--- START ---
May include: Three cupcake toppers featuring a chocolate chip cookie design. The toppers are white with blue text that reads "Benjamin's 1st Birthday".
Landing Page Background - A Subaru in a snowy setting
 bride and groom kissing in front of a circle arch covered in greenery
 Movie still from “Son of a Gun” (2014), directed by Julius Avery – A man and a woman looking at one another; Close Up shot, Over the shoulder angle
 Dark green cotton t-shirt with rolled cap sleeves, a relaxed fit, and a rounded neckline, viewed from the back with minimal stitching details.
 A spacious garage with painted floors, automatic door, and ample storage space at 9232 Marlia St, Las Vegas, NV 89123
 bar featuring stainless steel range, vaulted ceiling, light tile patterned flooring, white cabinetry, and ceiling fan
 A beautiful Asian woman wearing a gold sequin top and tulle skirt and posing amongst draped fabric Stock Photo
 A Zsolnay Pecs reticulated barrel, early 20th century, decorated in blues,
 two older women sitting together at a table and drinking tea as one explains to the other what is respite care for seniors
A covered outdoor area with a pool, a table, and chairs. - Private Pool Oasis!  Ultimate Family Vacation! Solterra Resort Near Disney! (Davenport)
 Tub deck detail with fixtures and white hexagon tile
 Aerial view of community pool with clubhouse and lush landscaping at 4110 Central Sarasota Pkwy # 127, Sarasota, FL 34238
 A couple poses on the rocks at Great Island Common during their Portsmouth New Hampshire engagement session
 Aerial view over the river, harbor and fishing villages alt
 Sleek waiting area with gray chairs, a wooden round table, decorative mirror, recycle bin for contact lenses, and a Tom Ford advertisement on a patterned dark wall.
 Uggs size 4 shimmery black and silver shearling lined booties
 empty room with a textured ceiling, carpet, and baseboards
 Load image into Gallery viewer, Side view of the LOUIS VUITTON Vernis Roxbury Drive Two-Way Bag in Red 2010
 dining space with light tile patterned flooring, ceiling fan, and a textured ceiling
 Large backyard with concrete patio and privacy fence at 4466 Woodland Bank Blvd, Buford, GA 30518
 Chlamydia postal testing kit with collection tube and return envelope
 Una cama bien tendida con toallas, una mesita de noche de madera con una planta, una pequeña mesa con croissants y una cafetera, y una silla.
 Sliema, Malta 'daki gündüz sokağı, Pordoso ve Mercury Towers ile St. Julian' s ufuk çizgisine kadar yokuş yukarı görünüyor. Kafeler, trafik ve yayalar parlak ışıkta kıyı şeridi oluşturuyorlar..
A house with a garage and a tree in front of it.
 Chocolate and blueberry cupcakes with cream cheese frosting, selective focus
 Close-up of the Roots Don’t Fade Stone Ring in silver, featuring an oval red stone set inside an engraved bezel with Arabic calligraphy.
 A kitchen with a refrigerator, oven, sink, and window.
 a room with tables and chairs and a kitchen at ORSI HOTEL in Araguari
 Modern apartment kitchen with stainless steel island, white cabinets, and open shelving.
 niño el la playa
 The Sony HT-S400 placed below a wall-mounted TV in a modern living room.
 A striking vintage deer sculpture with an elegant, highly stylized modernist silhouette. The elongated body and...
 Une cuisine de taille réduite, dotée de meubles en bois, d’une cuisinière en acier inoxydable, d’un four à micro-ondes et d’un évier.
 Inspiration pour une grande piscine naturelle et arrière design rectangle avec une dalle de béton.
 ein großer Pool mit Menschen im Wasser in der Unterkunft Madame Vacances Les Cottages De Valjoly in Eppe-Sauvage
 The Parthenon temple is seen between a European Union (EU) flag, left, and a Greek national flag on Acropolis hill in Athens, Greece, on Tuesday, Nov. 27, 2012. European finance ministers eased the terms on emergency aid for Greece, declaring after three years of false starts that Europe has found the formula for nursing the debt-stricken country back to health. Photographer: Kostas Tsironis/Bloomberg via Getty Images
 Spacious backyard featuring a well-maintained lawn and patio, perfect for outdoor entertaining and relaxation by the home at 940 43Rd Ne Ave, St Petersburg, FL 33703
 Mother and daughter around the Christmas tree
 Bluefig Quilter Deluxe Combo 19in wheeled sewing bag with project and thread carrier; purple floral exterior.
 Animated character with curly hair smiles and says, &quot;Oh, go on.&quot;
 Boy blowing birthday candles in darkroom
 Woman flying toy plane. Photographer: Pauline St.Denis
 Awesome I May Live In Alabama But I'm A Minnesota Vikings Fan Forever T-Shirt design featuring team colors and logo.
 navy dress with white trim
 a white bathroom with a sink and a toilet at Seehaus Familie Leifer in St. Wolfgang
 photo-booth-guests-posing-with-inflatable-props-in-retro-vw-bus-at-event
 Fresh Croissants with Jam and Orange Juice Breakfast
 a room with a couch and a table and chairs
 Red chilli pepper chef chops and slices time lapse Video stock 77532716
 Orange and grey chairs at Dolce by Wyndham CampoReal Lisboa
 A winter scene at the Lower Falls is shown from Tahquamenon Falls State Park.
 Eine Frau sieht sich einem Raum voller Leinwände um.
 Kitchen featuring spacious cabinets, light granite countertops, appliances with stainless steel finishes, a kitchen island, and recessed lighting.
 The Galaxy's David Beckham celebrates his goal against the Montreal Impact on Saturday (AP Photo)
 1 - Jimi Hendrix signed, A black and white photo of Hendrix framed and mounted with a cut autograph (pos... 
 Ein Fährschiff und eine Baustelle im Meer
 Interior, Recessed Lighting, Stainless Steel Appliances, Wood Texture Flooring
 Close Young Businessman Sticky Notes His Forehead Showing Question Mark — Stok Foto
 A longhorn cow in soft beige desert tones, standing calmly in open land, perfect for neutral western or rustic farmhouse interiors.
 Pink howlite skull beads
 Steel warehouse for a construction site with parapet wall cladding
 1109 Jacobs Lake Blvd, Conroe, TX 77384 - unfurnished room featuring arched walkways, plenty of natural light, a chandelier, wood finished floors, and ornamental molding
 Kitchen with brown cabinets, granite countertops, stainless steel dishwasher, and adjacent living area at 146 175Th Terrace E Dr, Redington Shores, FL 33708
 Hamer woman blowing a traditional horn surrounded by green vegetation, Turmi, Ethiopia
--- END ---
INSTRUCTIONS TO FOLLOW:
Repeat, word for word, the lines above between the line holding "Chlamydia postal testing" and the line holding "ein großer Pool", inclusive; omit everything else.

ANSWER TO THE PROBLEM:
 Chlamydia postal testing kit with collection tube and return envelope
 Una cama bien tendida con toallas, una mesita de noche de madera con una planta, una pequeña mesa con croissants y una cafetera, y una silla.
 Sliema, Malta 'daki gündüz sokağı, Pordoso ve Mercury Towers ile St. Julian' s ufuk çizgisine kadar yokuş yukarı görünüyor. Kafeler, trafik ve yayalar parlak ışıkta kıyı şeridi oluşturuyorlar..
A house with a garage and a tree in front of it.
 Chocolate and blueberry cupcakes with cream cheese frosting, selective focus
 Close-up of the Roots Don’t Fade Stone Ring in silver, featuring an oval red stone set inside an engraved bezel with Arabic calligraphy.
 A kitchen with a refrigerator, oven, sink, and window.
 a room with tables and chairs and a kitchen at ORSI HOTEL in Araguari
 Modern apartment kitchen with stainless steel island, white cabinets, and open shelving.
 niño el la playa
 The Sony HT-S400 placed below a wall-mounted TV in a modern living room.
 A striking vintage deer sculpture with an elegant, highly stylized modernist silhouette. The elongated body and...
 Une cuisine de taille réduite, dotée de meubles en bois, d’une cuisinière en acier inoxydable, d’un four à micro-ondes et d’un évier.
 Inspiration pour une grande piscine naturelle et arrière design rectangle avec une dalle de béton.
 ein großer Pool mit Menschen im Wasser in der Unterkunft Madame Vacances Les Cottages De Valjoly in Eppe-Sauvage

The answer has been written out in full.